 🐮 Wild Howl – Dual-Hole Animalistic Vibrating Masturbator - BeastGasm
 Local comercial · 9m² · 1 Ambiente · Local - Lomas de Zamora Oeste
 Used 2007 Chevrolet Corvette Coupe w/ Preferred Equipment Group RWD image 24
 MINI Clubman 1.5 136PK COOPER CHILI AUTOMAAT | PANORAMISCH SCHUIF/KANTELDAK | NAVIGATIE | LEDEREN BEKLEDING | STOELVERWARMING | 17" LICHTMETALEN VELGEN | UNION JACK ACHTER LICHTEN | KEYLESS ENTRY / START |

# # # #

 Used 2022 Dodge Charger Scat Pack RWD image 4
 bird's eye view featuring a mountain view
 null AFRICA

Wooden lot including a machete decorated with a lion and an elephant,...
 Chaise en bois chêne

# # # #

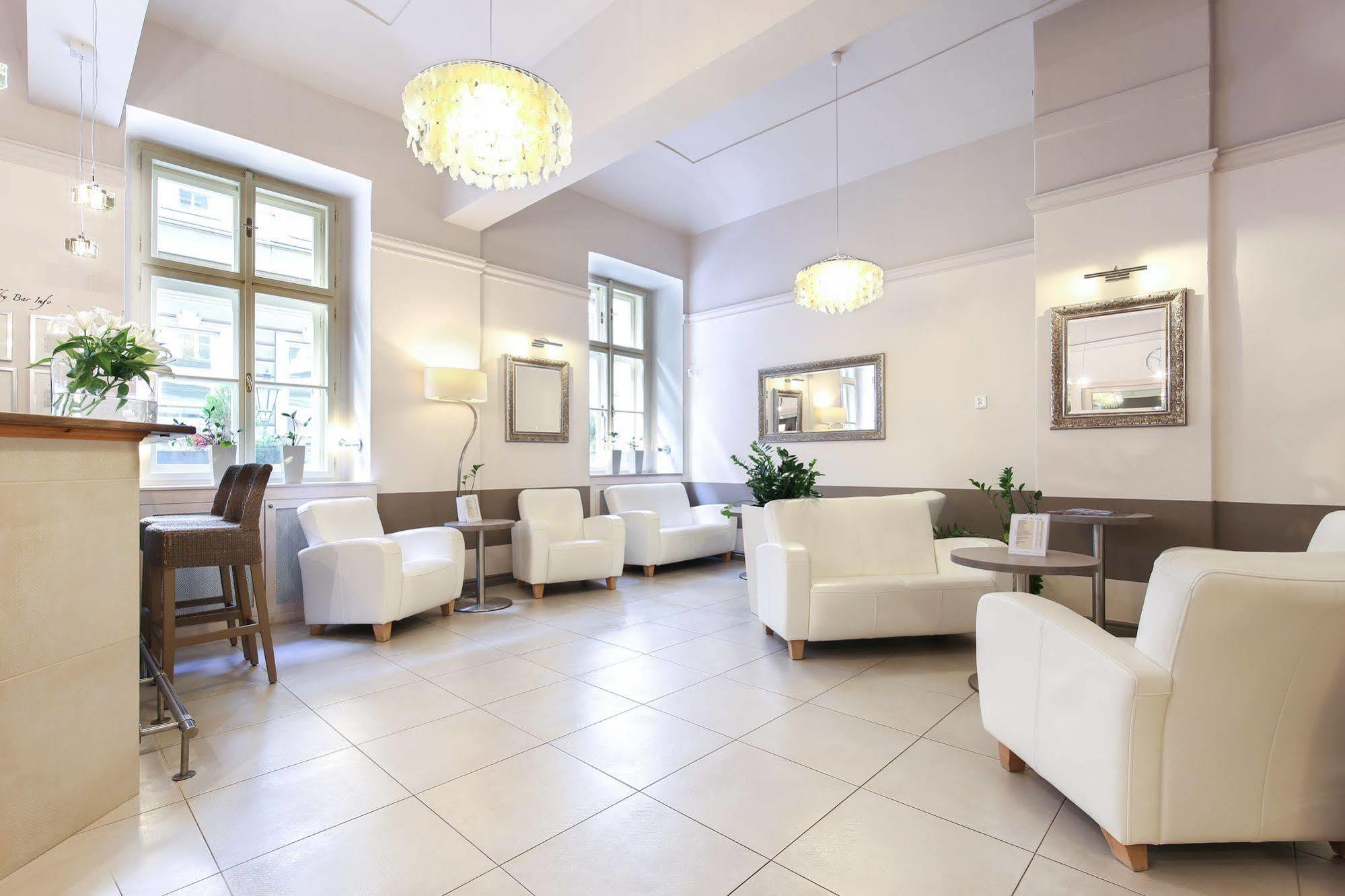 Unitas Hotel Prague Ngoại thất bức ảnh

# # # #

Assignment. Please tally the lines of the listing that include the string "Used". The number is the whole answer.

Result. 2